Baltasar Kormákur’s “Adrift,” starring Shailene Woodley and Sam Claflin — and Visual Effects Supervisor Dadi Einarsson (“Everest,” “Gravity”) — proves a happy exception to this rule. Though some of the obviously fake camera moves pull us out of the moment, remind us that, yes, It’s only a movie, there’s enough here that’s authentic to make this lost-at-sea yarn required viewing for arm-chairs adventurers who live vicariously.

Indeed, in many respects this is the best of its kind since J.C. Chandor’s bracing “All Is Lost,” with a never better Robert Redford reviewing life choices from the deck of his crippled yacht.

Kormákur’s variation, likadrift2e Phillip Noyce’s earlier “Dead Calm” with Nicole Kidman, stands apart by reminding us that wind-lashed females can be every bit as determined and resourceful as their male counterparts when it comes to tacking, patching and trimming the jib; they’re more than wooden figures adorning the bow.

Based on the ordeal of Tami Oldham Ashcraft, 24, and Richard Sharp, 33, who while sailing a luxury yacht from Tahiti to San Diego in 1983 were caught in a Cat 4 storm, this one delivers the goods in heart-pounding suspense and, at times, nauseating realism. The grim prospect of a slow death from exposure and starvation is ever present. Cinematographer Robert Richardson, who knows a thing or two about shooting under harsh conditions (see “Platoon” and “The Hateful Eight”), captures the dazzling allure of the South Pacific as well as its quiet foreboding. His extreme long shots say it all: we are completely alone, mere specs on an endless expanse of shimmering gray. Composer Volker Bertelmann contributed the classy symphonic score, which is used sparingly to punctuate without upstaging the unfolding drama.

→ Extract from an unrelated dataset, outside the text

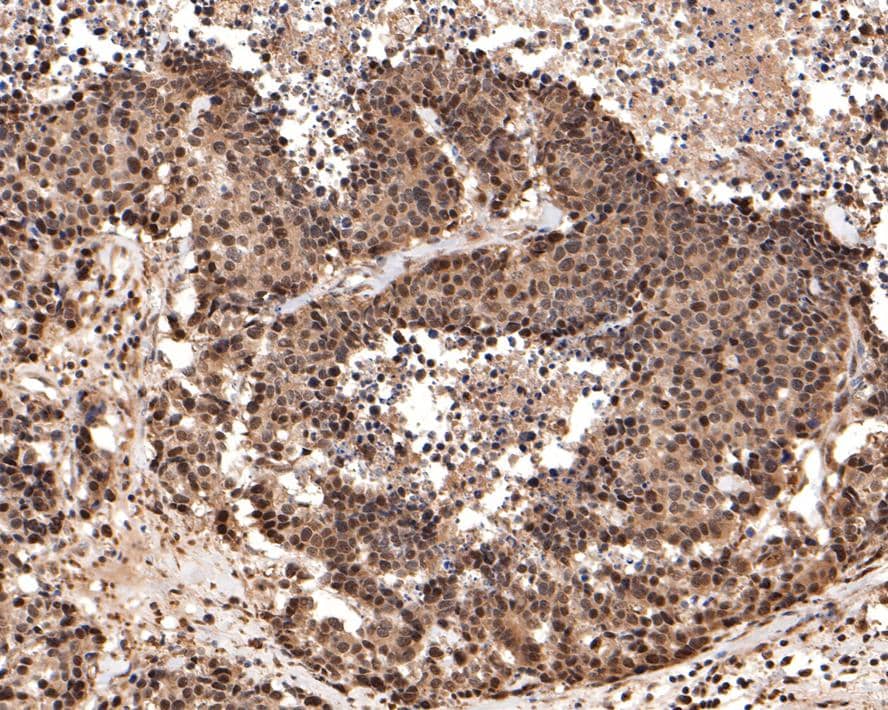 Immunohistochemistry PGBD5 Antibody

The script, adapted from Ashcraft’s 1998 account “Red Sky in Mourning,” opens with Tami, a nasty gash in her forehead, regaining consciousness after the boat has been swamped by a monster wave. Fiancé Richard has been washed overboard with a dinghy. Hysteria becomes primal scream, then steely resolve to rescue her partner. Throughout, Kormákur skillfully flashes back and forth from mangled desk to the couple’s first meeting and courtship, inching ever forward to, about 80 minutes in, the Moment of Truth, that looming wall of water.

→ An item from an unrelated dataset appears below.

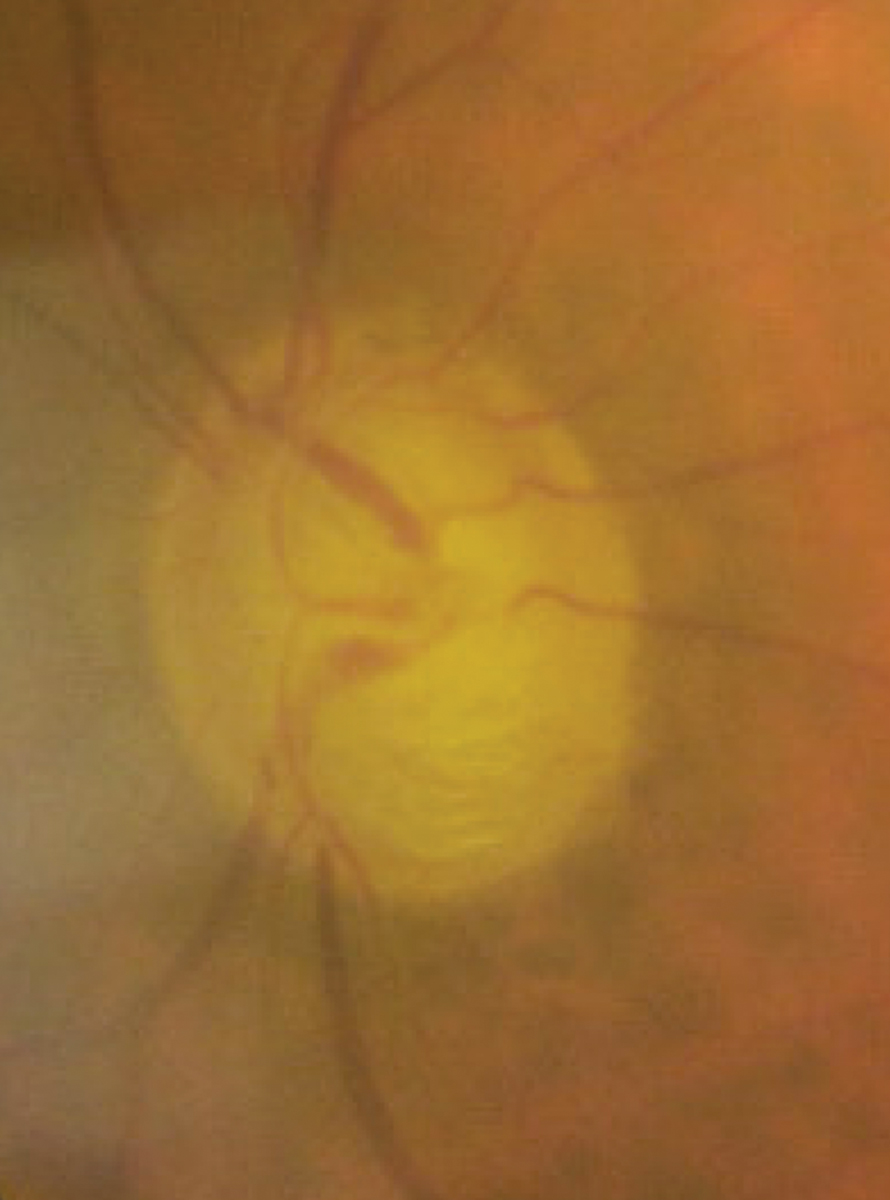 Advanced glaucomatous optic neuropathy due to NVG two months following initial presentation.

Where “Adrift” founders is in the relationship department. As written, Tami (Shailene Woodley) and her Brit boyfriend (Sam Clafin) are stereotypical free spirits who meet cute and form an instant connection. He’s a hopeless romantic, who, tired of pleasing others, dropped out of the Naval Academy, designed and built his own boat, and now chases “infinite horizons.” She’s a surfer-beach bum from San Diego with familiar personal baggage and zero interest in going home. He’s taken by her “bloke-like” fearlessness and impetuosity; she’s drawn to his soppy earnestness, his Byronic love of the sea. It’s straight out of “South Pacific.” We half expect Richard to break into “Younger than Springtime.”

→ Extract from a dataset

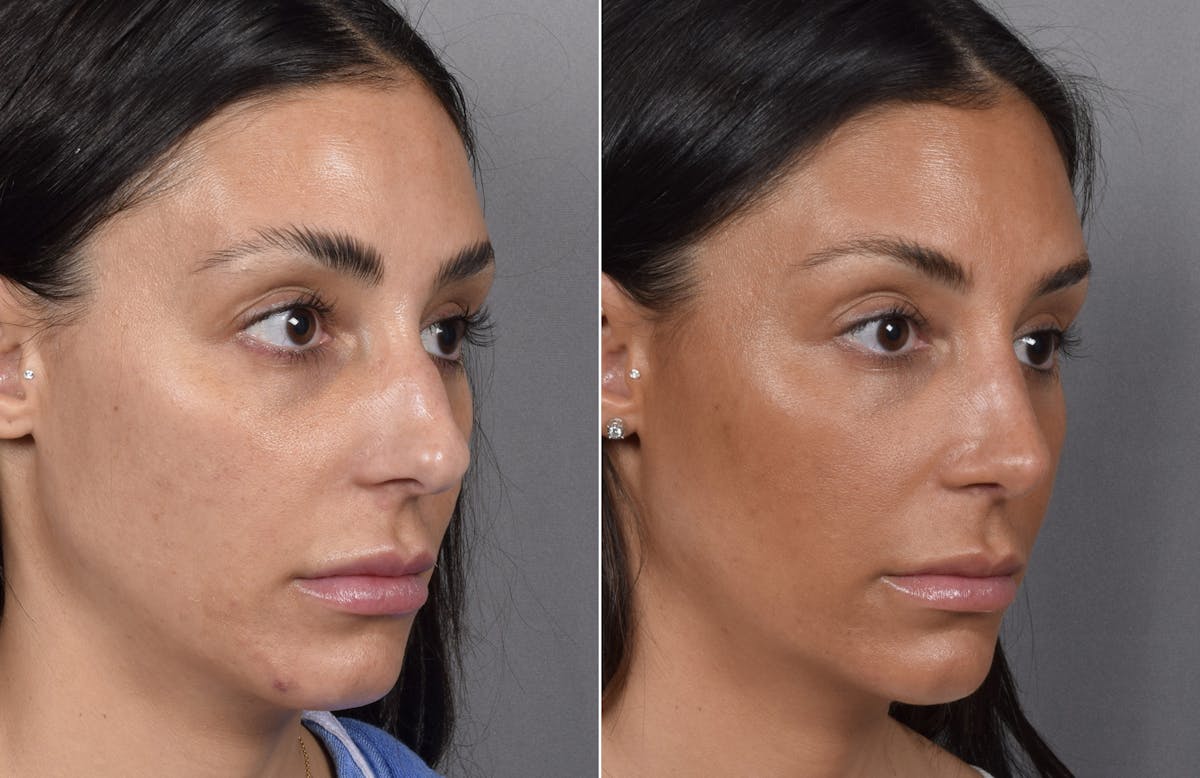 Rhinoplasty Before & After Gallery - Patient 240283 - Image 5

Claflin, Finnick in “The Hunger Games,” is fine as the smitten, too cautious boyfriend, but Woodley, who was so good as George Clooney’s older daughter in “The Descendants,” always seems self-consciously “on,” whooping and posing like a shut-in on her first Spring Break.

But then, just as we’re about to succumb from a sugar high, Kormákur smartly comes about, redirects his narrative to the life-or-death struggle mid-ocean — and we give ourselves over to one of the year’s more exhilarating rides.

ADRIFT ✮✮✮ With Shailene Woodley, Sam Claflin. Directed by Baltasar Kormákur; scripted by Aaron Kandell, Jordan Kandell, David Branson Smith from book by Tami Ashcraft, Susea McGearhart. 96 min. PG-13 (for violent storm effects, gruesome makeup, chaste nudity)

Lovell, former movie critic for the San Jose Mercury News, teaches film studies at De Anza College in Northern California. He has written about film for Variety, the L.A. Times and, most recently, the Boston Globe.